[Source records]
────────────────

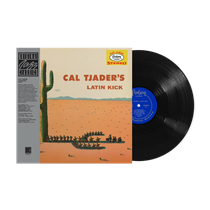 Cal Tjader - Latin Kick (Vinyl)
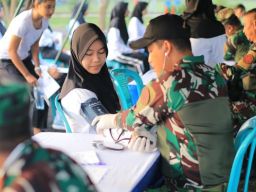 1.758 Peserta Seleksi CPNS Kemenkumham Jawa Timur Bersaing Ketat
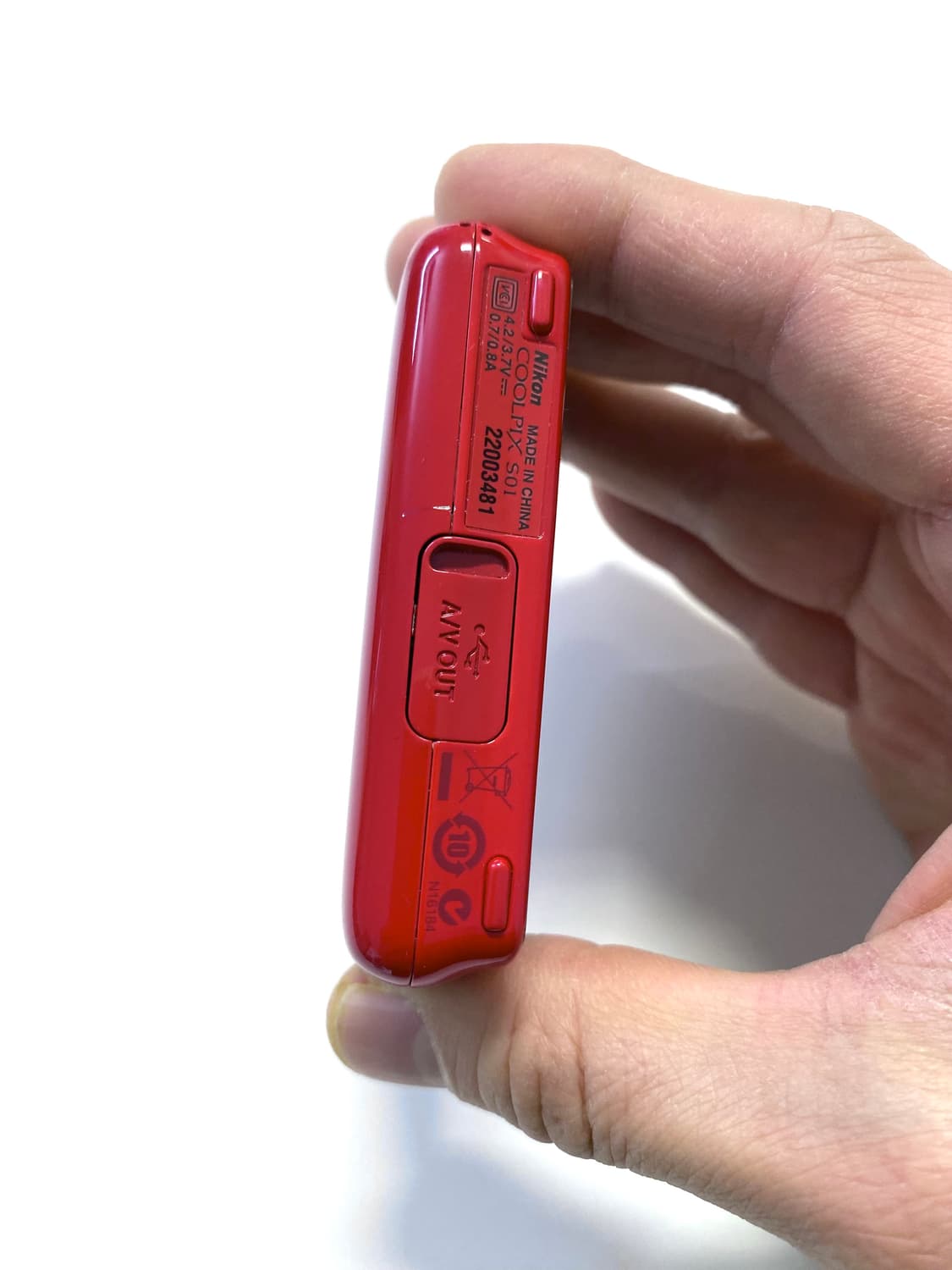 [예약] 니콘 쿨픽스 S01 디지털 카메라 상품이미지5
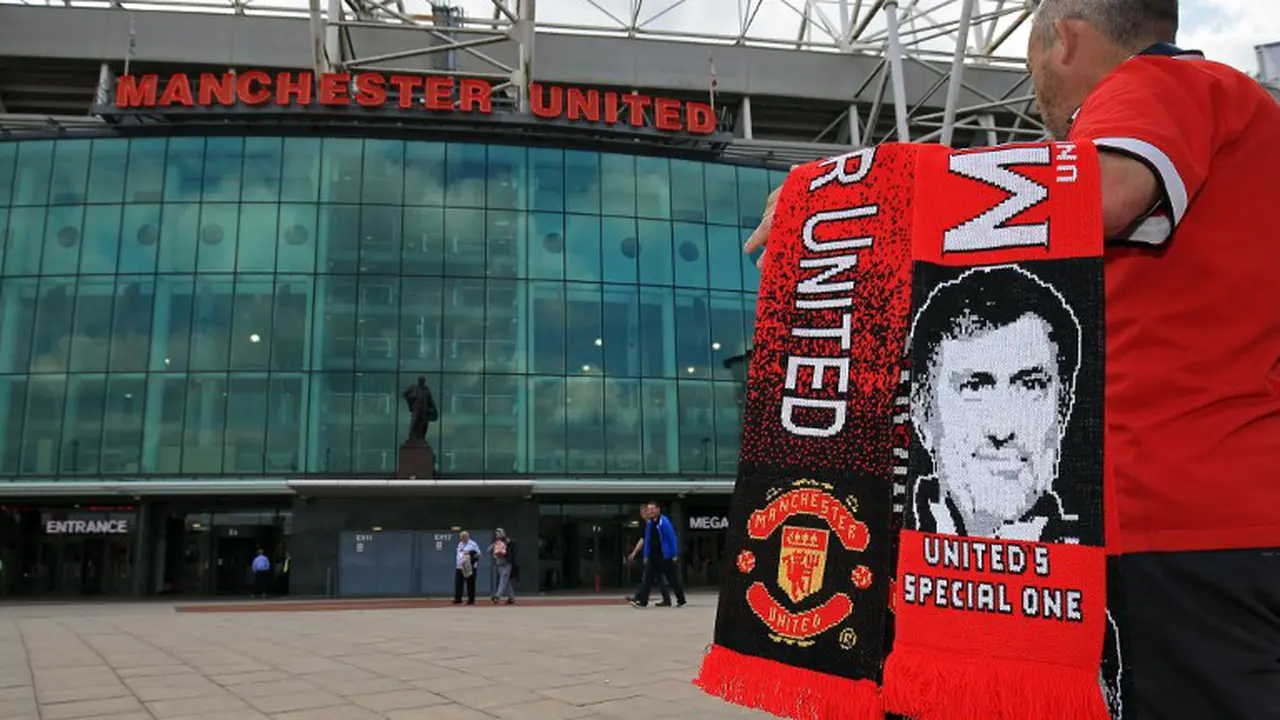 Old Trafford
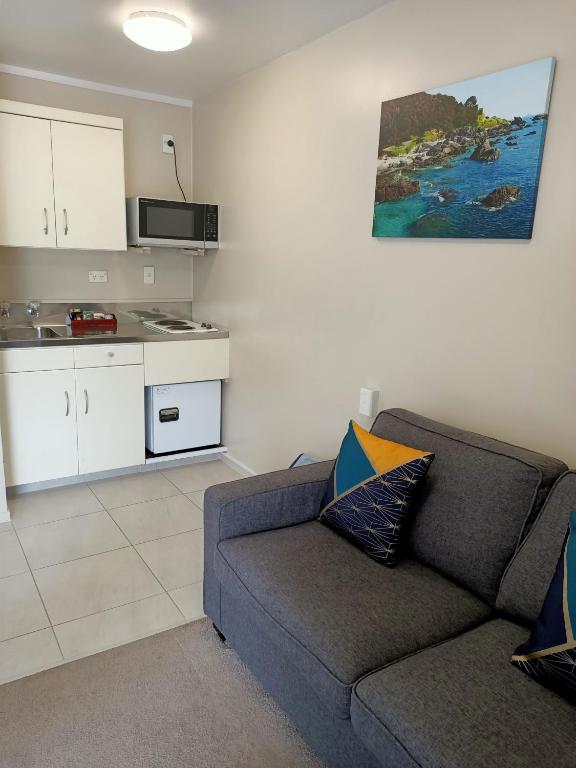 ASURE Macy's Motor Inn - Resim 13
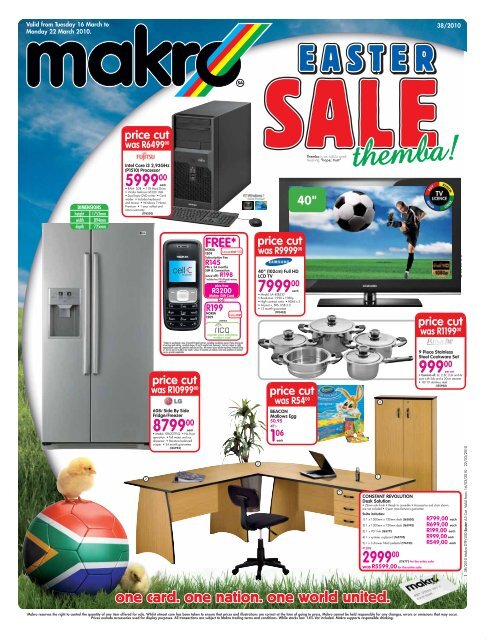 Price Cut Makro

────────────────

▶ Directions:
Without altering a word, return all of the records above and leave out their pictures.

▶ Finished task:
 Cal Tjader - Latin Kick (Vinyl)
 1.758 Peserta Seleksi CPNS Kemenkumham Jawa Timur Bersaing Ketat
 [예약] 니콘 쿨픽스 S01 디지털 카메라 상품이미지5
 Old Trafford
 ASURE Macy's Motor Inn - Resim 13
 Price Cut Makro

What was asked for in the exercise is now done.